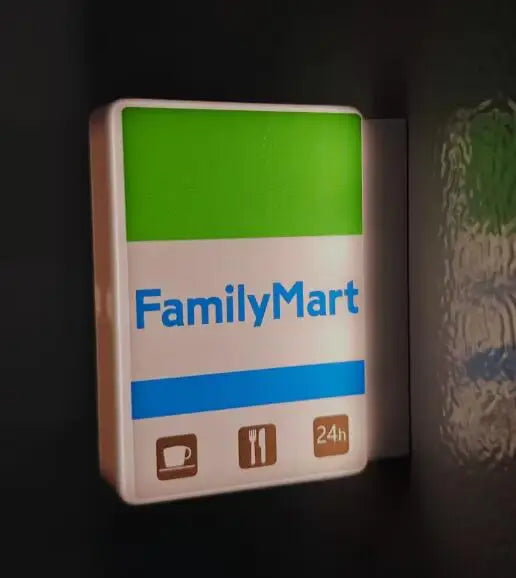 3D Magnetic Light Box Decorative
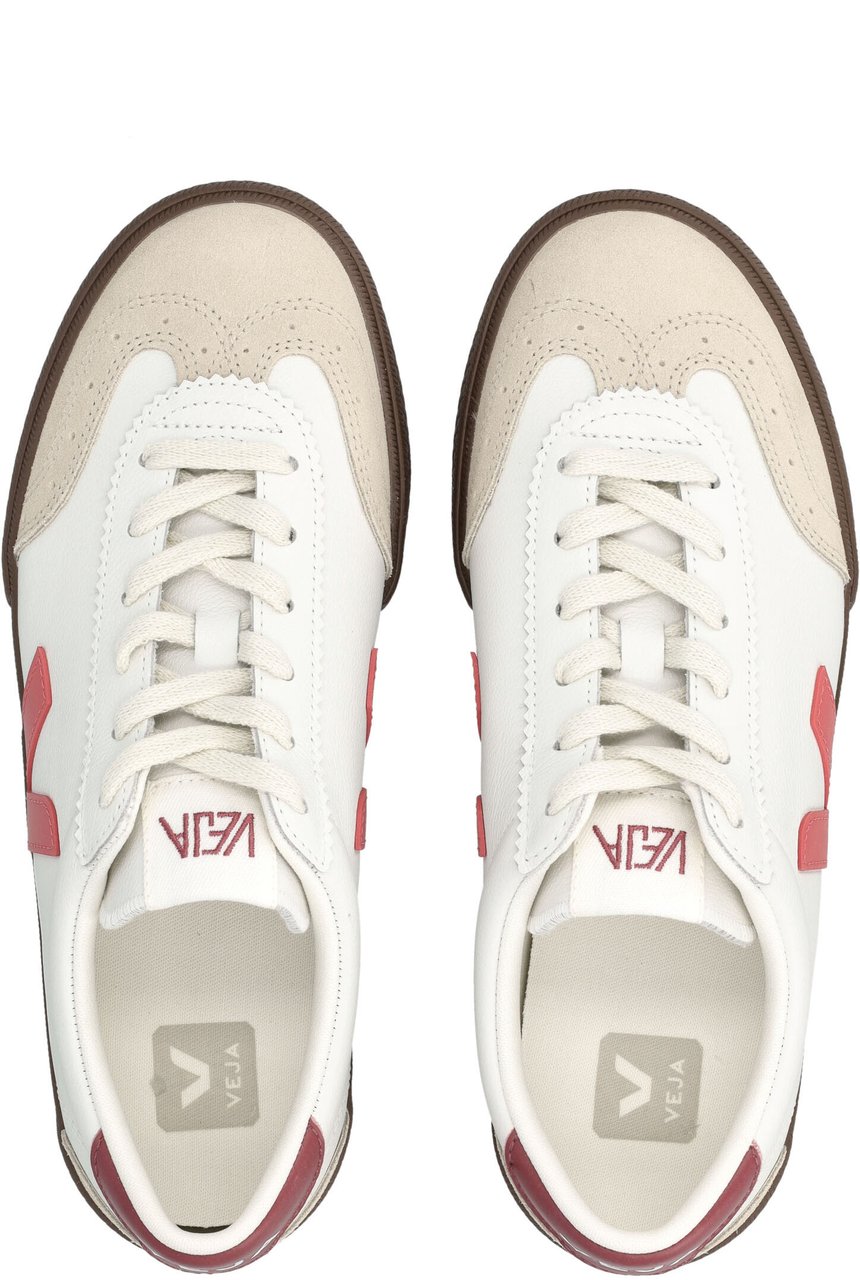Veja Volley Whitepekinbark Wit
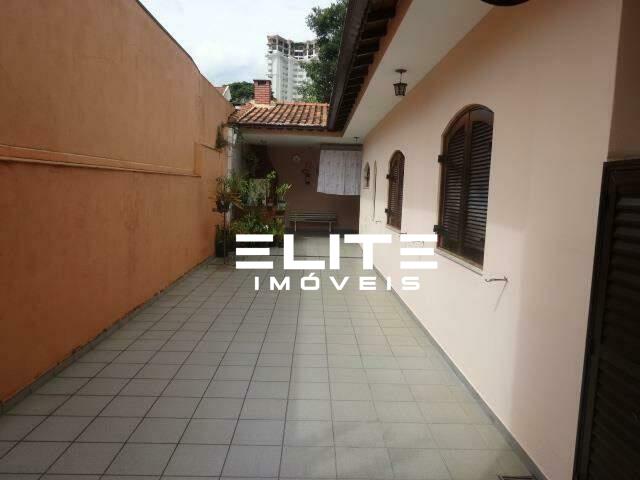 Sobrado à venda no Campestre: 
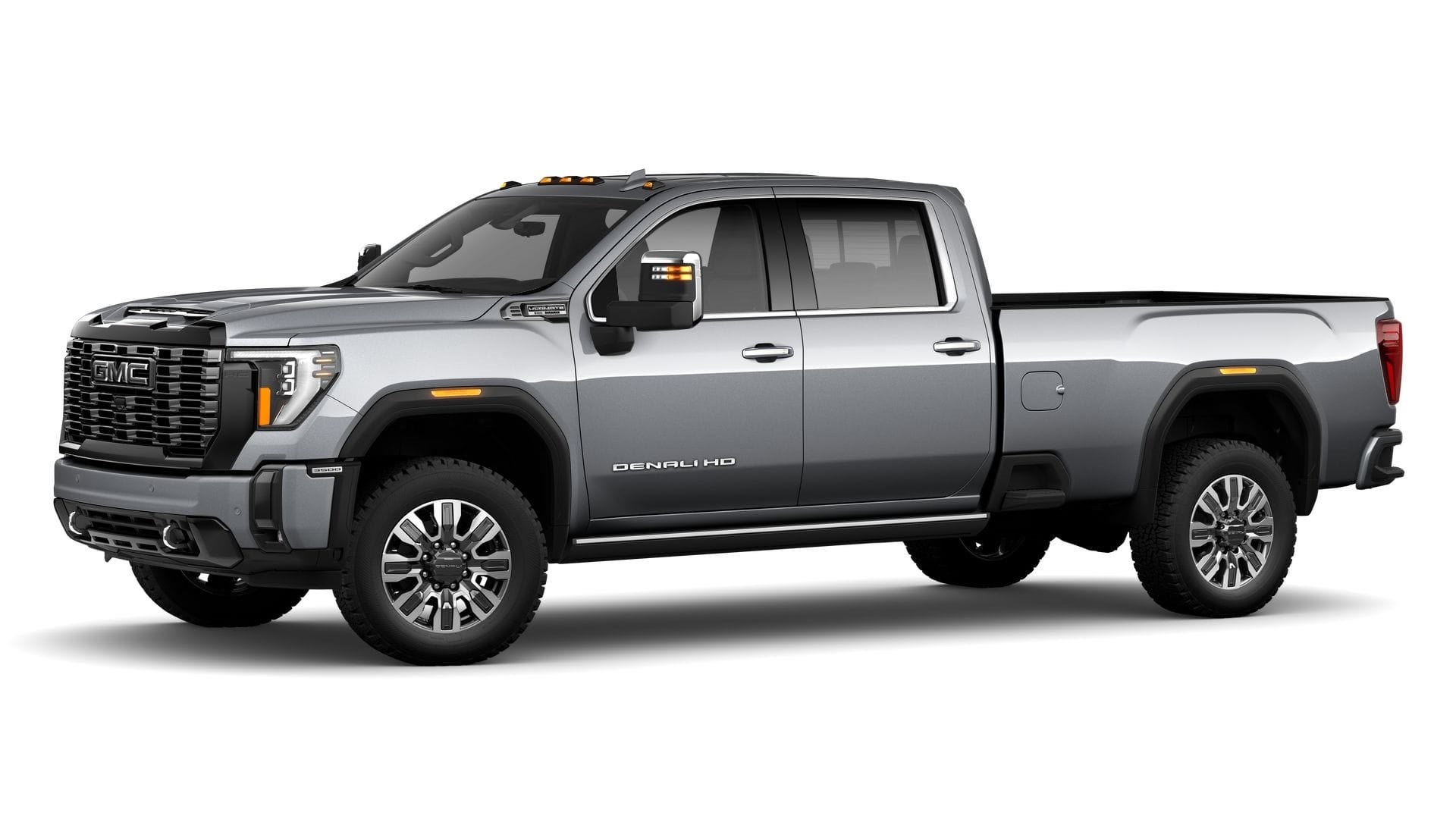 2025 GMC Sierra 3500 HD Denali Ultimate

▸ **Your goal**:
Would you transcribe, exactly and only, the lines from the one that contains "Veja Volley Whitepekinbark Wit" through the last line of the data above, without any pictures?

▸ **Solution to this problem**:
Veja Volley Whitepekinbark Wit
 Sobrado à venda no Campestre: 
 2025 GMC Sierra 3500 HD Denali Ultimate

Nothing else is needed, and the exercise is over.